The main piece of an entity used with a JDBC data source is the query attribute, which is the SQL query to be evaluated. You'll notice that this query involves some sub-queries, which are made into arrays and then transformed into strings joined by spaces. The particular functions used to do these sorts of things are generally database specific. This is done to shoe-horn multi-valued data into a single row in the results. It may create a more complicated query, but it does mean that the database does all of the heavy lifting so that all of the data Solr needs for an artist is in the row. An alternative with DIH is to declare other entities within the entity. If you aren't using a database or if you wish to mix in another data source (even if it's of a different type), then you will be forced to do that. See the Solr DIH Wiki page for examples: http://wiki.apache.org/solr/DataImportHandler.

The DIH also supports a delta query, which is a query that selects time-stamped data with dates after the last queried date. This won't be covered here, but you can find more information at the previous URL.

DIH fields and transformers

Within the <entity/> are some <field/>elements that declare how the columns in the query map to Solr. The field element must have a column attribute that matches the corresponding named column in the SQL query. The name attribute is the Solr schema field name that the column is going into. If it is not specified (and it never is for our example), then it defaults to the column name.

Use the SQL as a keyword as we've done to use the same names as the Solr schema instead of the database schema. This reduces the number of explicit mappings needed in <field/> elements and shortens existing ones.

When a column in the result can be placed directly into Solr without further processing, there is no need to specify the field declaration, because it is implied.

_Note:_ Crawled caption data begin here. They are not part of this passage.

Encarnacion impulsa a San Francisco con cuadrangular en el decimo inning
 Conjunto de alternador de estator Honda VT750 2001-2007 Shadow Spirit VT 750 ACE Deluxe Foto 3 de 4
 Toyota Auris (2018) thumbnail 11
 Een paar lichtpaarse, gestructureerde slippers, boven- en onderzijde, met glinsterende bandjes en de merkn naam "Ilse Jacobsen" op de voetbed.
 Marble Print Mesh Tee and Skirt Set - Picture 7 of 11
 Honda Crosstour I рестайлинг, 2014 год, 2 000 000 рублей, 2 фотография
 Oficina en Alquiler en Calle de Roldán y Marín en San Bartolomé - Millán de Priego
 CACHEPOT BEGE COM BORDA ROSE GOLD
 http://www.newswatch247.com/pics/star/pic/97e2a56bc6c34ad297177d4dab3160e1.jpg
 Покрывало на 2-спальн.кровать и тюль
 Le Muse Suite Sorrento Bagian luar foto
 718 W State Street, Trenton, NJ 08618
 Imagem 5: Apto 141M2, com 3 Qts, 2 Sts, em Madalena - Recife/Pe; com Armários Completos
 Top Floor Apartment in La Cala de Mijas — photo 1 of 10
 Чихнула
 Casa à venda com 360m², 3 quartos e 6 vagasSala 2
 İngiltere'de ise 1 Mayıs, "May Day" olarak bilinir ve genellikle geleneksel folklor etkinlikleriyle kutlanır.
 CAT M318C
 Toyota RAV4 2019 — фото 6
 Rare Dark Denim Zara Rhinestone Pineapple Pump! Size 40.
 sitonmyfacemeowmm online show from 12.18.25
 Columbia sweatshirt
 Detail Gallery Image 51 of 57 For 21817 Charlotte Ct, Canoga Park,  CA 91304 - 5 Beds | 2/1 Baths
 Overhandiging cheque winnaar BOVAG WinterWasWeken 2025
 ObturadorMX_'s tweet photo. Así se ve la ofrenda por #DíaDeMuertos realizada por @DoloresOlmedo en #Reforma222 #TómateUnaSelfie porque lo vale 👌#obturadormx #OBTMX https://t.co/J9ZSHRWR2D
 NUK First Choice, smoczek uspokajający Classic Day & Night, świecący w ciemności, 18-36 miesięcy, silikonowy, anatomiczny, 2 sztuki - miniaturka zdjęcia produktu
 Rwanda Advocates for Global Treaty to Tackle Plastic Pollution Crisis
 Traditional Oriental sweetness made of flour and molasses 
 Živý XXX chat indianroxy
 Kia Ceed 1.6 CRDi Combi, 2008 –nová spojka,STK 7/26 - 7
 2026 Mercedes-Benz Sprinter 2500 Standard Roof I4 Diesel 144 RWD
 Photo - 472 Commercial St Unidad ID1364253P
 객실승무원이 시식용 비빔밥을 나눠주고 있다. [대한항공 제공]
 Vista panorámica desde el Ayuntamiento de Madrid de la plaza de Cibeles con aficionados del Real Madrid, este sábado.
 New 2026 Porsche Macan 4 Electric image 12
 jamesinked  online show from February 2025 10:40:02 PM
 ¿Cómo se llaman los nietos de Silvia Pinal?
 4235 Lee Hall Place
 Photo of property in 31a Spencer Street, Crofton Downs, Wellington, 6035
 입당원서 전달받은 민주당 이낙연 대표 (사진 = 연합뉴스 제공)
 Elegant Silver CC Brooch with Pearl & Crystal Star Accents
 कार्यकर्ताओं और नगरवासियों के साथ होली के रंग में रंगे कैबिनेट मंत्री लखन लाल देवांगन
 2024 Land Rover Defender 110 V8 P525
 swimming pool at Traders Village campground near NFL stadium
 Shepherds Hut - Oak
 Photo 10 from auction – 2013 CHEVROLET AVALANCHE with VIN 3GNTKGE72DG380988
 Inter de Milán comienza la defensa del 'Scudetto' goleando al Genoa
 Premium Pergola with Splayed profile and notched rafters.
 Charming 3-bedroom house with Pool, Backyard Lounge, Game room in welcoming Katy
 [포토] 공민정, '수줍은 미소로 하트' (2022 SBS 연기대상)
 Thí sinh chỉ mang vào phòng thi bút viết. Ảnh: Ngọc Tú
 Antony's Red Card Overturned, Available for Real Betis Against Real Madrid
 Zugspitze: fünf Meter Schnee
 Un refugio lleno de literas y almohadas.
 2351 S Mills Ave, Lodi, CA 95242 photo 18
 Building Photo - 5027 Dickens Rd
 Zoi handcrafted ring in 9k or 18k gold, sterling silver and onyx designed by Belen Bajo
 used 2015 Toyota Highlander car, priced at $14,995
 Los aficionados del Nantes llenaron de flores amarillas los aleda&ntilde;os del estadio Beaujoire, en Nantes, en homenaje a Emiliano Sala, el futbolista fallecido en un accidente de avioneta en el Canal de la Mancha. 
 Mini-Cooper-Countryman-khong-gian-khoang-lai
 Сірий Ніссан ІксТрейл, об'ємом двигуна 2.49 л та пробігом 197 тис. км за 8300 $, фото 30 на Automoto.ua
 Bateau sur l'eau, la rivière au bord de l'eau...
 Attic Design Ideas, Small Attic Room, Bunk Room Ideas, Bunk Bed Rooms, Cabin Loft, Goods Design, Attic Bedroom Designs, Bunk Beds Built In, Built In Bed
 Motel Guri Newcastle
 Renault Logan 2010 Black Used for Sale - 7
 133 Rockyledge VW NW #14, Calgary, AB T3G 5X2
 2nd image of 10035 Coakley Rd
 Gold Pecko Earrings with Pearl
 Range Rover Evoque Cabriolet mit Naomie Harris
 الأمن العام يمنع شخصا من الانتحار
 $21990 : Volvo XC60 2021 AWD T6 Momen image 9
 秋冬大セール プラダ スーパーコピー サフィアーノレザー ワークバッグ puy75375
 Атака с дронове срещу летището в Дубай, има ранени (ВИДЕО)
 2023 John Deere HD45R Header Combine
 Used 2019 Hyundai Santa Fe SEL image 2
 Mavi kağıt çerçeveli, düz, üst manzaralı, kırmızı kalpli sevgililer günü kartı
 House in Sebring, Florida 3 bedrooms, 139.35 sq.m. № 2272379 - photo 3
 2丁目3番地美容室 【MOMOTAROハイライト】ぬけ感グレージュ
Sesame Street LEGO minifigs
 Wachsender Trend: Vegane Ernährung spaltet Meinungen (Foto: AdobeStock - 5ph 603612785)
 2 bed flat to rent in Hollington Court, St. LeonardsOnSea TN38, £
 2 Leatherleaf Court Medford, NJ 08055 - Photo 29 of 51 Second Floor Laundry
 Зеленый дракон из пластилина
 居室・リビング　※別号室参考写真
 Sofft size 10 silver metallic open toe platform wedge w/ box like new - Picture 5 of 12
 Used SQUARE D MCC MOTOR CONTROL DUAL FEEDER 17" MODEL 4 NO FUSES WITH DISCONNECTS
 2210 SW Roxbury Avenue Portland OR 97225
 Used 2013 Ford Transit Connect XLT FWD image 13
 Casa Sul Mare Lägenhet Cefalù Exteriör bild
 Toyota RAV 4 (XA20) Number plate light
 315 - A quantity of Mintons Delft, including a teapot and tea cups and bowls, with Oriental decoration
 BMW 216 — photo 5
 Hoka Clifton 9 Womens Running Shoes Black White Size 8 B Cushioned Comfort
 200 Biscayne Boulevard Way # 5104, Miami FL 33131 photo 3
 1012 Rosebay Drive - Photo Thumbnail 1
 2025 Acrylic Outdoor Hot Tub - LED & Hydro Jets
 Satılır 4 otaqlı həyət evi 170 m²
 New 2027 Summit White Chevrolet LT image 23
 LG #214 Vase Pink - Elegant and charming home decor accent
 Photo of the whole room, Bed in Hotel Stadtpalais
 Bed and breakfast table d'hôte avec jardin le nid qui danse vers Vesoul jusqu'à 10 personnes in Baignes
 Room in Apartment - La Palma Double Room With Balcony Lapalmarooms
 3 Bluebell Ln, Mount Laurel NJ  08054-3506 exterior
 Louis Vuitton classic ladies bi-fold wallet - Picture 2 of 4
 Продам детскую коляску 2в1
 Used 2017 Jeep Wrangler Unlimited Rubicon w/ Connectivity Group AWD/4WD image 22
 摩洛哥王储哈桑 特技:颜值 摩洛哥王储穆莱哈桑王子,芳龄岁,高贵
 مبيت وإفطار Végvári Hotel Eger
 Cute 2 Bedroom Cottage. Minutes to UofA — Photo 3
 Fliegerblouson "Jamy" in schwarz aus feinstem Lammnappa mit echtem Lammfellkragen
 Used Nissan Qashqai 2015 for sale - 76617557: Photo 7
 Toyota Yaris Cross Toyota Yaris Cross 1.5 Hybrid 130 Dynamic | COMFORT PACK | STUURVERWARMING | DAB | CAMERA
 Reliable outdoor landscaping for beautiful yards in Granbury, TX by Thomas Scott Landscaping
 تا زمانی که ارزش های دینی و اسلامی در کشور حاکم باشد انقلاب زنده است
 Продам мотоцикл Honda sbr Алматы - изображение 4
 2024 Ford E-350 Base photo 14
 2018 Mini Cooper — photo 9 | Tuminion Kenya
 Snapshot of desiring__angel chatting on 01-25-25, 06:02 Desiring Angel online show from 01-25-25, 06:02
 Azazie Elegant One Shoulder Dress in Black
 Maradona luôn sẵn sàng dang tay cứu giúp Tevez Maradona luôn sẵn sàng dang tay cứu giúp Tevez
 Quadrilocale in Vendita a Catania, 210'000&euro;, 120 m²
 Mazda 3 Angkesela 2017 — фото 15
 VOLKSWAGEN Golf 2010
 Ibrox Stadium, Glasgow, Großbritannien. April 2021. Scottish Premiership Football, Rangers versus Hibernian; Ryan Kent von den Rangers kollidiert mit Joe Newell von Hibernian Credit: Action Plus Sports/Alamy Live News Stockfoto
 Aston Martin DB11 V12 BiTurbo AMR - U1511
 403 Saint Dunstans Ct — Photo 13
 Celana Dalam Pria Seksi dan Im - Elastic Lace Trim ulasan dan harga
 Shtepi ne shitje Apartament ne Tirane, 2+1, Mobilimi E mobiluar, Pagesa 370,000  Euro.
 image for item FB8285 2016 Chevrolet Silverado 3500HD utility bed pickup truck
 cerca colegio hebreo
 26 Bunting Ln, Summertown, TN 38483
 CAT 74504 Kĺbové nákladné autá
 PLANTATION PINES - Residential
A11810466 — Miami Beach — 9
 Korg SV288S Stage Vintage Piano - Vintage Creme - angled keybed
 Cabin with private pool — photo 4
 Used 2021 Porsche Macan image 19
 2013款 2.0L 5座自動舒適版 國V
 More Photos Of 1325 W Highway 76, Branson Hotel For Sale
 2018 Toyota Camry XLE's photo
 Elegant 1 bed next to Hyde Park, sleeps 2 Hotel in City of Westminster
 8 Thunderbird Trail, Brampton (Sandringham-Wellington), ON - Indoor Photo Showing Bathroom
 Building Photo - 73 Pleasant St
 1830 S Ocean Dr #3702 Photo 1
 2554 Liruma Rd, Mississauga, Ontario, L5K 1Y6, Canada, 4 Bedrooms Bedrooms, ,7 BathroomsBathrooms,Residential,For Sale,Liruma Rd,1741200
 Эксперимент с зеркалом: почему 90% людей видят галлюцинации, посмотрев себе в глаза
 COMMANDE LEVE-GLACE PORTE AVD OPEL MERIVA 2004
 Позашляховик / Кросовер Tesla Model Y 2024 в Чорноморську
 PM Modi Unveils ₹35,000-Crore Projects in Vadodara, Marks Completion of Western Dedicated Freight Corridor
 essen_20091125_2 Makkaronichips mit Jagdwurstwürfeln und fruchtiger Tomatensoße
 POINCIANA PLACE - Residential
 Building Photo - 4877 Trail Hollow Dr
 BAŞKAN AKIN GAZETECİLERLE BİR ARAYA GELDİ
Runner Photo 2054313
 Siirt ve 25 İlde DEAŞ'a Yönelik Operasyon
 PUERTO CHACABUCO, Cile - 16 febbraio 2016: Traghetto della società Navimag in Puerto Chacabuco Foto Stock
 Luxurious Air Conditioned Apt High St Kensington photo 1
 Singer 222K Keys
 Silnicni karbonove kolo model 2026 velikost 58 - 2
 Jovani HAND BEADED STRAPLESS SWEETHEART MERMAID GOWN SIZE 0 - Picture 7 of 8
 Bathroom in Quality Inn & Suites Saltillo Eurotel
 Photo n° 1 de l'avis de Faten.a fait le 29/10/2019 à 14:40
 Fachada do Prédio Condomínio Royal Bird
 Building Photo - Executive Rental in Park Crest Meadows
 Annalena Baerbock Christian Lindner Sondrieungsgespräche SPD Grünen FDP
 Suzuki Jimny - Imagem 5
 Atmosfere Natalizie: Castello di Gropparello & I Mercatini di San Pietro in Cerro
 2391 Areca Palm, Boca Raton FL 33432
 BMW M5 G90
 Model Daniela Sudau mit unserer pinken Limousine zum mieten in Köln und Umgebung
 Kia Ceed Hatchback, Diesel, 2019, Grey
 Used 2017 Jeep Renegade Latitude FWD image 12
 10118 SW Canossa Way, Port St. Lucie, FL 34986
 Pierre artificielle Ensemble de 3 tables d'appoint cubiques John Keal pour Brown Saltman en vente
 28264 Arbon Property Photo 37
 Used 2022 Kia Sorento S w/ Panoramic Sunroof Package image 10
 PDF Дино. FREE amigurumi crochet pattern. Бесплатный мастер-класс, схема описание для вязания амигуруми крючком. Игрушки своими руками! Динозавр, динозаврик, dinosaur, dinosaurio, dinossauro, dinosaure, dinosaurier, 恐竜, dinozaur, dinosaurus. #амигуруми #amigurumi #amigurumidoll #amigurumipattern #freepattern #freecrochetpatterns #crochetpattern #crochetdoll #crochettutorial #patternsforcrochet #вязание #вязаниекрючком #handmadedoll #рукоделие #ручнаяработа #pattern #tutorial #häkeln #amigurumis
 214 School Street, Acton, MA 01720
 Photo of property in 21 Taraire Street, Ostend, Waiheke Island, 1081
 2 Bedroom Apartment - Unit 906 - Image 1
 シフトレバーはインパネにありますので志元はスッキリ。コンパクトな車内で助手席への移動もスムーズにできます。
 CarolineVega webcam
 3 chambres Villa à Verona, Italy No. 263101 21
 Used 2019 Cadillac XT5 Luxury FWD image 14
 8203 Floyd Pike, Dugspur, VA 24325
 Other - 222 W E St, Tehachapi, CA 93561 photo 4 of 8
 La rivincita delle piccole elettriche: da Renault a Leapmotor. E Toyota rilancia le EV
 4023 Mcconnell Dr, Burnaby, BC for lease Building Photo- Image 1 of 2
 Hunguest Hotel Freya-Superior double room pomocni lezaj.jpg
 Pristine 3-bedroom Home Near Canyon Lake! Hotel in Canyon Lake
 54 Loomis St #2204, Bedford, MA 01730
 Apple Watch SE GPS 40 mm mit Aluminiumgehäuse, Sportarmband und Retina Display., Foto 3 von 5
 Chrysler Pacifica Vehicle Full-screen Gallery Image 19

An attribute of the entity declaration that we didn't mention yet is transformer. This declares a comma-separated list of transformers that manipulate the transfer of data from the JDBC resultset into a Solr field. These transformers evaluate a field, if it has an attribute it uses to do its job. More than one might operate on a given field. Therefore, the order in which the transformers are declared in matters. Here are the attributes we've used:

template: It is used by TemplateTransformer and declares text, which might include variable name substitutions using ${name} syntax. To access an existing field, use the entityname.columnname syntax.

splitBy: It is used by RegexTransformer and splits a single string value into a multi-value by looking for the specified character.

dateTimeFormat: It is used by DateFormatTransformer. This is a Java date/time format pattern http://java.sun.com/j2se/1.5.0/docs/api/java/text/SimpleDateFormat.html). If the type of the field in the schema is a date, then it is necessary to ensure Solr can interpret the format. Alternatively, ensure that the string matches the ISO-8601 format, which looks like this: 1976-10-23T23:59:59.000Z. As in all cases in Solr, when specifying dates you can use its so-called "DateMath" syntax such as appending /DAY to tell Solr to round the date to a day.